Editor's note: This article was written by Richard S. Einhorn and Trish Ray

With millions of square feet of data center space in the US having been put into place since 2000, many of these facilities either have already or will soon be in need of alteration. Retrofits, upgrades, buildouts of shelled space, or expansions to the base building are becoming as important to the development workload as greenfield builds.

Driving this trend are increasing IT densities, new technologies, aging equipment, better airflow management, or unmet capacity requirements for their hosted or enterprise tenants. Even cloud or hyperscale facilities constructed in the last decade or sooner are being renovated and upgraded to address these factors.

Upgrading live data centers or other critical facilities can be very complex and is typically a much more difficult and intricate task, than designing new. Dealing with aged equipment, older design topologies, and, of course, SLA’s for existing tenants (both external and internal) make renovating these occupied facilities a challenge.

DBT-Data data center
– DBT-Data

Service providers and building owners cannot afford mistakes which put the facility’s live load at risk and potentially hurt their own internal client’s businesses, or their client’s downstream clients, which may be even more important!

There are many critical things to consider when upgrading existing facilities. From a design perspective, these include:

Space considerations for new equipment

  • Is there room for the new equipment?
  • Is there access to bring in the new equipment and remove the old?
  • Can the new equipment be rigged into place?
  • Does the new equipment location lend itself for an easy interconnection to the existing system

Phasing of the new installation

  • Does the existing system have enough capacity to allow for existing components to be de-energized and new components placed in service?
  • How will the new install affect the existing system, and will temporary infrastructure components be required?
  • Is there enough utility service to bring new components on-line?

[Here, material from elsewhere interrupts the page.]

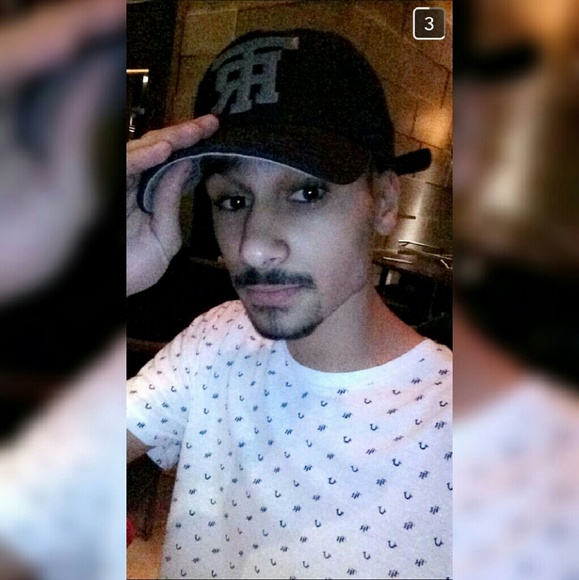 Meet your Posher, Abedallah - Picture 1 of 1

Isolation of existing system

  • Are proper isolation devices such as valves, circuit breakers, etc. in place to allow for interconnection of the new system into existing?
  • Is a method of procedure required with backout procedure in case of an issue?
  • Will any hot connections into existing piping / electrical system be required (these should be avoided as much as possible)?

It is also critical to commission the facility after upgrades have been put into place. The challenge of proper commissioning during upgrades in active facilities requires experience in negotiating the risks to operations versus the benefits of detailed commissioning. An experienced commissioning authority will be able to assist the client with plans to phase in the installation, start-up, and testing the new infrastructure that reduces the risk and allows for proper commissioning.

The commissioning plan must also include the Integration of the upgraded infrastructure with any existing infrastructure to assure proper operation at multiple load levels.

From a commissioning perspective, items to consider include;

  1. Will temporary systems be required to support the loads of the systems to be replaced?
  2. How will any temporary equipment be commissioned?
  3. How do we minimize work on energized electrical and pressurized water systems?
  4. How do we verify all-new control sequences without disrupting critical operations?
  5. Can the outdated equipment be safely removed to reduce risk to operations at the end of the project?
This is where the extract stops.